_Dataset content_.
============
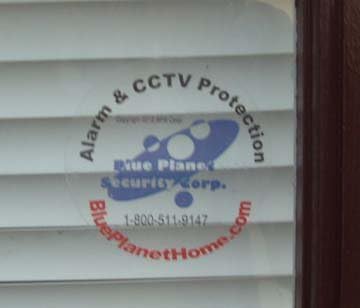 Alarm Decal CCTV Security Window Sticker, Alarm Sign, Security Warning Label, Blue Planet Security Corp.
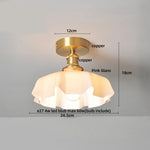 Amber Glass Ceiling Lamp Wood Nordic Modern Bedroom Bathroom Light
============
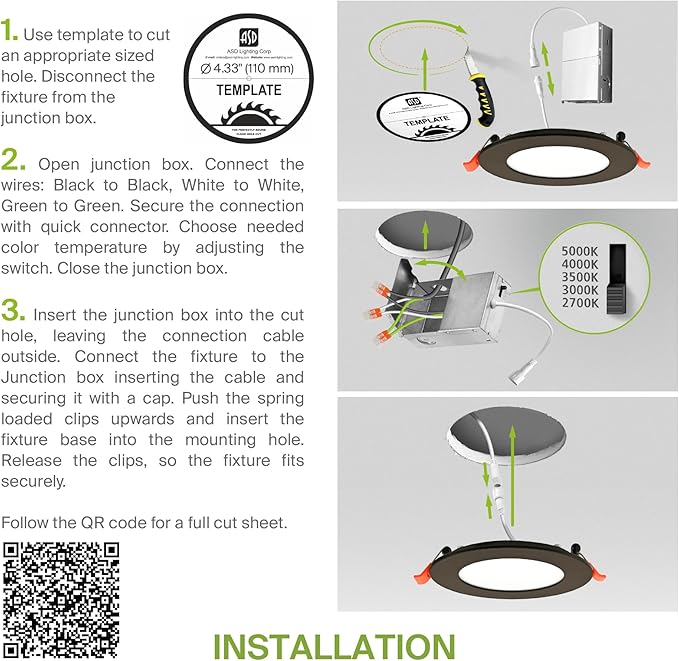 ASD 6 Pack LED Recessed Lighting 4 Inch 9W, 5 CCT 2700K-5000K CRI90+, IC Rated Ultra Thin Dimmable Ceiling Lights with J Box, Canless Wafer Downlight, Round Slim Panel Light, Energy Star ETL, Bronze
============
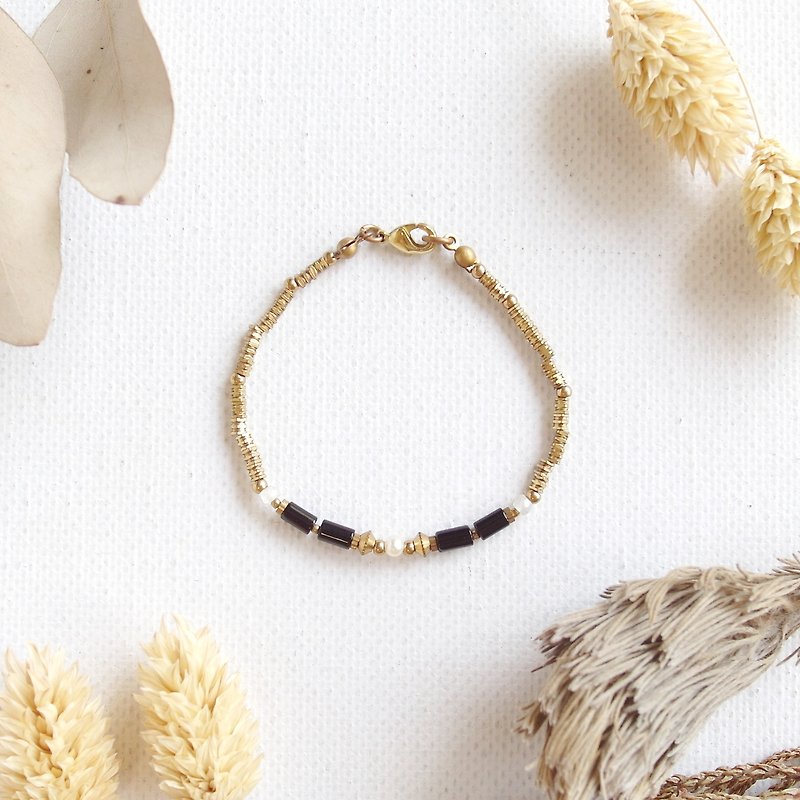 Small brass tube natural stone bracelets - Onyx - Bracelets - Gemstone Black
============
Write out word for word the lines of the listing above from the line with "Alarm Decal CCTV" to the line with "Amber Glass Ceiling", taking in both of those lines but no pictures.

_Written reply_.
 Alarm Decal CCTV Security Window Sticker, Alarm Sign, Security Warning Label, Blue Planet Security Corp.
 Amber Glass Ceiling Lamp Wood Nordic Modern Bedroom Bathroom Light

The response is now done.